Of course, what threads all these sessions together is both a reminder and a call to action, that philanthropy continues its commitment to the theme of this year’s conference, “For the love of Humanity: People, Place and Planet”. As the swell of interest around more and better philanthropy gains momentum, this year’s conference is the ideal opportunity for us as a sector to reflect and recentre who it is that more and better philanthropy must serve –the community.

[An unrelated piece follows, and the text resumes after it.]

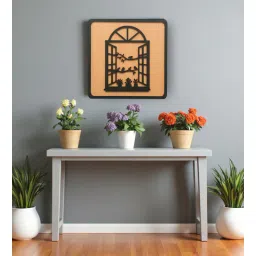 Engineering Wood Laser Cut Birds Design Wall Art In Black & Brown Finish-image-28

As we come together to meaningfully engage in debate around what better philanthropy looks like, we have to make time and space to reflect on whose voices are not being heard and how we go from recognising this, to taking action to correct it. To that end, I’m looking forward to conversations on Day One that explore First Nations Philanthropy and the pre-conference Masterclasses on What does ‘applying a lens’ to your program design and funding really mean, and to what end? and Building Our Cultural Intelligence.
I’m also looking forward to engaging in the In Defence of Philanthropy session on day one and The opportunities to grow structured giving and Beyond Our Shores sessions on Day Two. As we set ourselves the challenge of meaningfully growing philanthropic giving, I’m looking forward to how these sessions might inform a path forward that encourages us to consider in what new ways we can truth-tell and challenge how the sector’s wealth is generated, invested, and utilised and how patterns of giving, both small and large, can continue to evolve.
Agnostic of topics, I look forward to seeing both familiar and new faces next week, and, for the love of humanity, challenging myself and others to bring to life bigger and better philanthropy.
CEO, Centre for Social Impact
Arminé Nalbandian is a public policy leader who has spent her career advising governments and for-purpose organisations on social policy and economic development strategies. Most recently, she was Deputy Chief of Staff and Director of Policy to the New South Wales Premier.
It’s not often that we get the privilege to listen and reflect - and with our peers - which is why I’m so pleased to be a Keynote Listener at this year’s Philanthropy Australia conference.
It’s an excellent opportunity for us to re-energise our efforts, to connect and reflect on what lies ahead, and with so many compelling speakers and topics it’s a tough job to pick what I’m most looking forward to.
Here are a few of the sessions I’ll be heading to during the conference.
At the Centre for Social Impact, we enable people, communities, and organisations across Australia to take their ambition for impact and make it a reality.
We also have a particular interest in enabling change at the system level which is why I’ll be listening with keen interest to the Day One session at the conference on “Tackling equity through systemic change: how intermediaries and philanthropy are responding to the complex problems of our time”, to better understand what this interplay can deliver for systemic change in Australia.
Philanthropy, large and small, has a powerful role to play as a backer of novel approaches so I’ll also be listening keenly to the conversations about the future directions for philanthropy and how we can drive change through catalytic philanthropy.
To drive intractable problems forward, it’s no secret that we need to challenge the status quo and break down traditional sectoral silos.
Nothing challenges the status quo like bringing diverse perspectives into the conversation; new ideas come about with fresh perspectives. I’m hoping to gain insights from the cultural diversity in philanthropy session on Day One, including the role of First Nations philanthropy in shifting ideas and approaches.
Finally, at CSI we believe that investing in for-purpose leaders is imperative if we want the chance to have an impact on our most pressing challenges, so the conference session on driving leadership development for the NFP sector will be particularly compelling for me, especially in my new leadership role at CSI.
While I’m looking forward to all of the conference sessions, I’m most excited about the provocations, debates and conversations on the sidelines – after all, that’s where the magic happens.